There is a special syntax for base-pair positions, i.e. integers can be represented with commas every 3 digits. They must however be followed by the letters bp, e.g. not( pos > 123,345,789bp ).

Using Functions in WHERE commmands¶

It is possible to use Functions in WHERE commands and also in CALC commands, which are discussed in a later chapter.

#dbsnp# (showing different Indel examples)¶
Chrom	POS	reference	allele	rsIDs
chr1	10233	CCTAACCCTAACCCTAAACCCTAAACCC	C	rs200462216
chr1	10332	CCTAACCCTAACCCTAACCCTACCC	C	rs201106462
chr1	10621	GTTGCAAAGGCGCGCCGCGCCG	G	rs376342519
chr1	12940	AAACA	A	rs756849893
chr1	13421	A	AGAGA	rs777038595
chr1	15189	CGGGCACTGATGAGACAGCGGC	C	rs768510816

gor #dbsnp# | WHERE len(reference) > 4 OR len(allele) > 4 | TOP 6

In the above example, we are using the LEN function, which calculates the length of a string, to filter out any results from the #dbsnp# table that do not have reference or allele base lengths longer than 4 bases. You can find more information on different formulas in GOR queries here. More information on the CALC command can be found here

Using SELECT to choose columns¶

The SELECT command allows you to choose which columns to show from the source by entering a comma-delimited list.
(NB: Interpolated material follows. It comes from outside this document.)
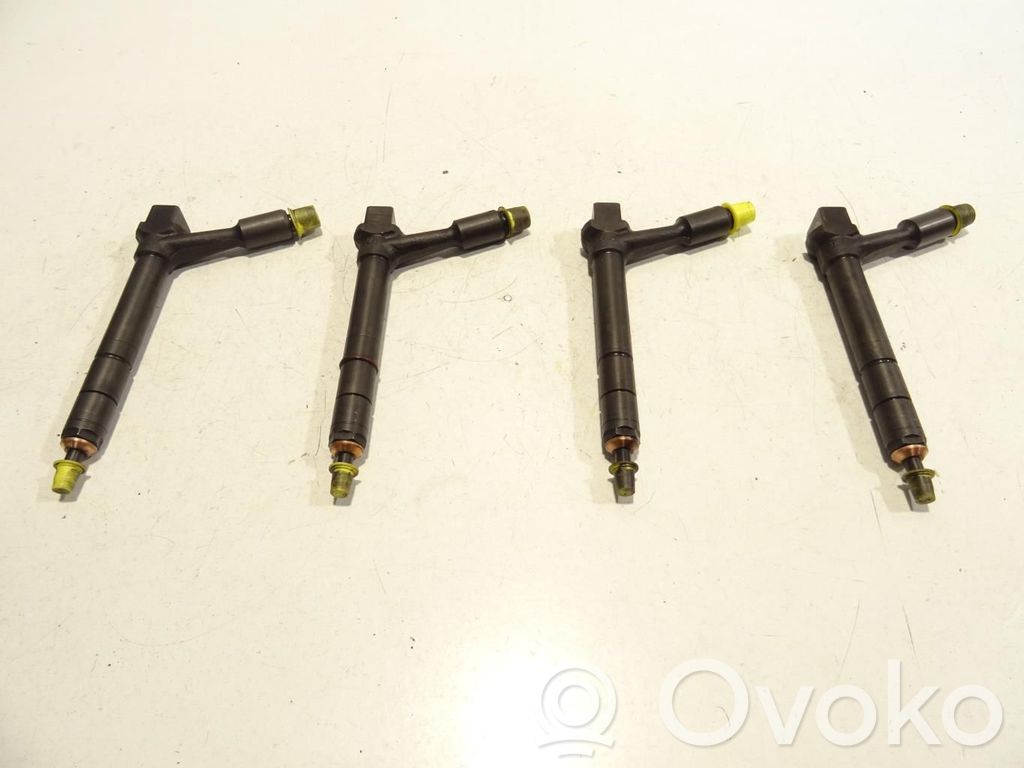 Opel Corsa C Inyector de combustible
When selecting in GOR, genomic ordered relational data is expected, so it is mandatory to have a CHROM and POS as the first two columns. However, when the SELECT statement is used in NOR, you can choose whatever columns you want. If columns other than the first two (e.g. #1 and #2) are selected to become the first two columns, care must be taken to ensure that proper genomic order is preserved (see discussion on the -ir option in the JOIN command).
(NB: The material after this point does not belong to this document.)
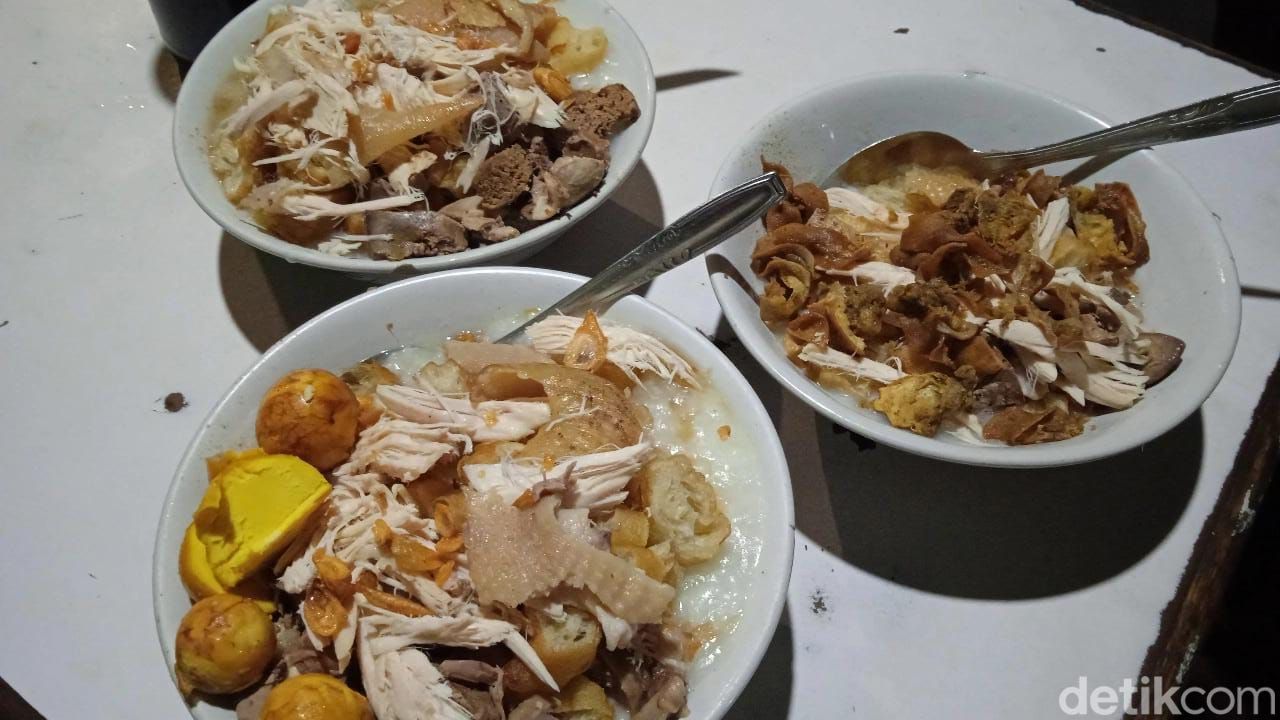 Nikmatnya Bubur Legendaris  76 Tahun Langganan Ridwan Kamil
Showing and Hiding Columns¶

In the next example, let’s take a table that has many different columns such as the whole exon sequence variants from the subject project, which can be loaded using the alias #wesVars#:

#wesVars#¶
CHROM	POS	Reference	Call	CallCopies	CallRatio	Depth	GL_Call	FILTER	FS	FormatZip	PN
chr1	13273	G	C	1	0.2	85	318	VQSRTrancheSNP99.90to100.00	0.0	Alt=C:GT=0/1,AD=68,17,DP=85,GQ=99,PL=318,0,826	C416TO_ANDERSON_CHILD_2005_M
chr1	13273	G	C	1	0.239	88	408	VQSRTrancheSNP99.90to100.00	0.0	Alt=C:GT=0/1,AD=67,21,DP=88,GQ=99,PL=408,0,723	C416TO_ANDERSON_FATHER_1967_M
chr1	13273	G	C	1	0.206	68	231	VQSRTrancheSNP99.90to100.00	12.71	Alt=C:GT=0/1,AD=54,14,DP=68,GQ=99,PL=231,0,687	C416TO_ANDERSON_CHILD_2000_F
chr1	13302	C	T	1	0.614	44	50	LowQual	0.0	Alt=T:GT=0/1,AD=17,27,DP=44,GQ=50,PL=50,0,239	C416TO_FATHER

Now let’s say that we only want to retrieve the reference and call columns along with quality filter (FILTER column) and the unique patient identifier. To retrieve only those columns, we could execute the following GOR query on the table:

gor #wesVars# | SELECT 1,2,Reference,Call,FILTER,PN | TOP 4

Note

When writing comma-separated lists, take care not to have spaces between the items in a list.

This would result in the following result set being returned:

#wesVars# with 6 columns selected¶
CHROM	POS	Reference	Call	FILTER	PN
chr1	13273	G	C	VQSRTrancheSNP99.90to100.00	C416TO_ANDERSON_CHILD_2005_M
chr1	13273	G	C	VQSRTrancheSNP99.90to100.00	C416TO_ANDERSON_FATHER_1967_M
chr1	13273	G	C	VQSRTrancheSNP99.90to100.00	C416TO_ANDERSON_CHILD_2000_F
chr1	13302	C	T	LowQual	C416TO_FATHER

We could accomplish the same result if we were to use the HIDE command to hide the columns we do not wish to see.

gor #wesVars# | HIDE 5-8,FS,#11 | TOP 4

In the example above, we are defining a range of columns (i.e. 5 through to 8); the FS column is referred to by its name; column #11 is referred to by its position in the column sequence. Commands allow reference to columns based on their number and their names, however, numbers must be prefixed by # must be used in WHERE and CALC to distinguish them from numbers in expressions. If the listed columns do not exist, the query will throw an exception.

Note that commands and column names are case insensitive.